* **Activity**
The answer must consist solely of the lines below starting at the one containing "2023 Freelander 26DS" and ending at the one containing "Juanjo Oroz, mánager", repeated exactly, with both ends included and all pictures omitted.

* **Supplied material**
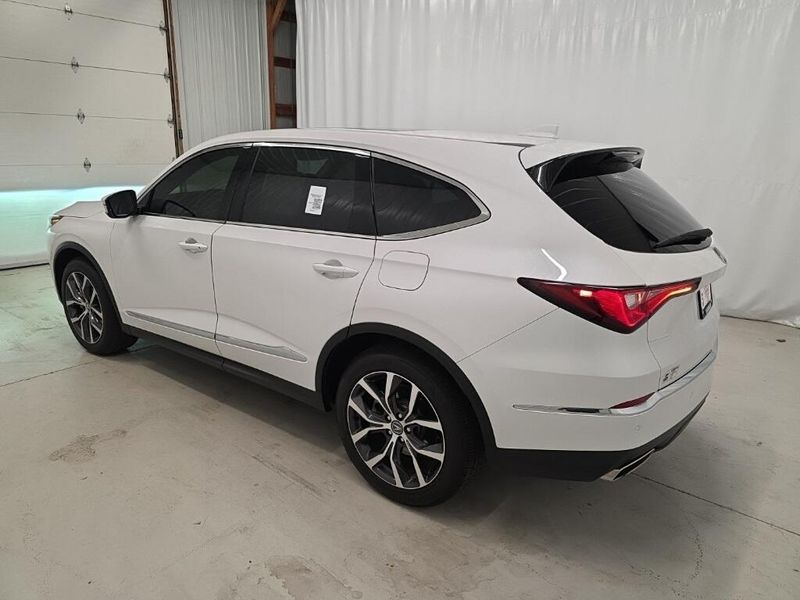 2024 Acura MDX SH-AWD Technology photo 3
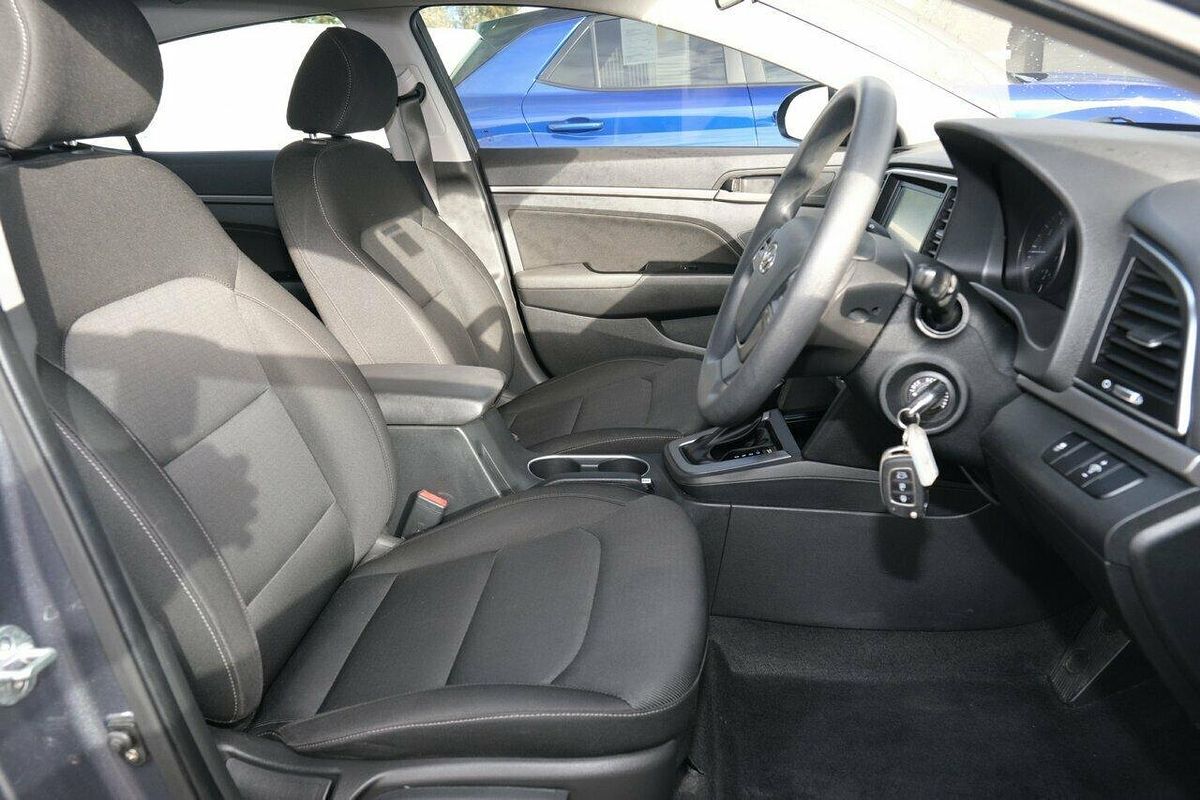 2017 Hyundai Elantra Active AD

...

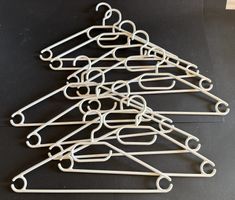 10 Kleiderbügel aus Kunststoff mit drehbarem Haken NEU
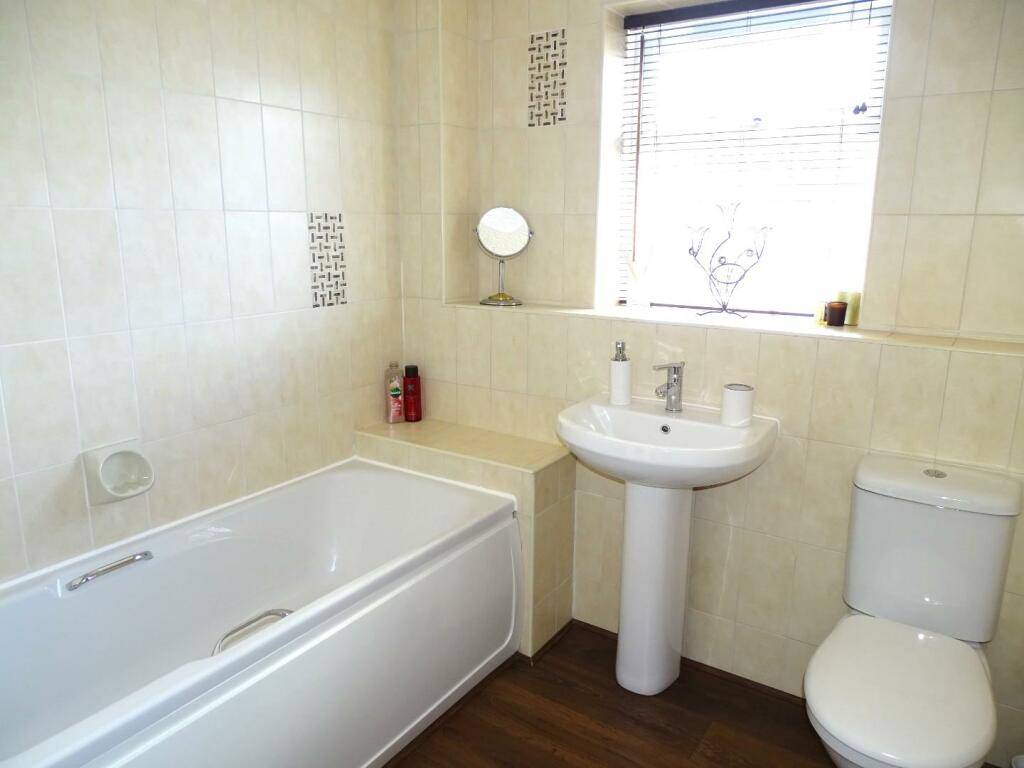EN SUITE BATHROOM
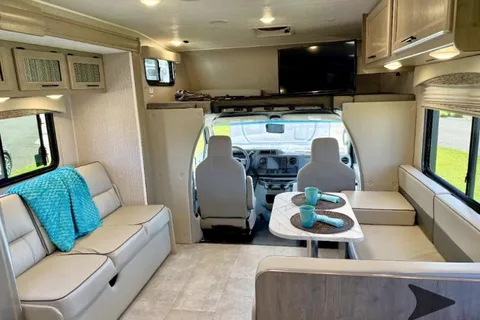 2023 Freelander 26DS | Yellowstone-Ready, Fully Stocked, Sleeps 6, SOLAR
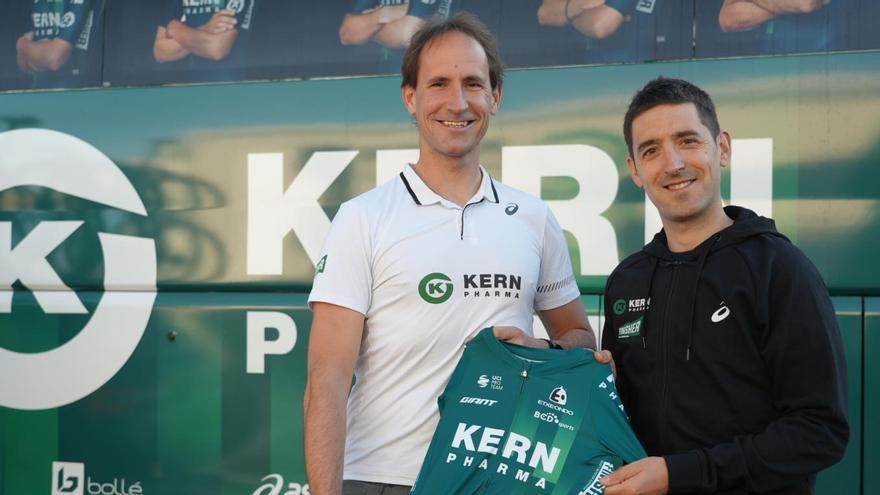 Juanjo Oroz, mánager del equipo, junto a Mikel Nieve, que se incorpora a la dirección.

* **Finished exercise**
 2023 Freelander 26DS | Yellowstone-Ready, Fully Stocked, Sleeps 6, SOLAR
 Juanjo Oroz, mánager del equipo, junto a Mikel Nieve, que se incorpora a la dirección.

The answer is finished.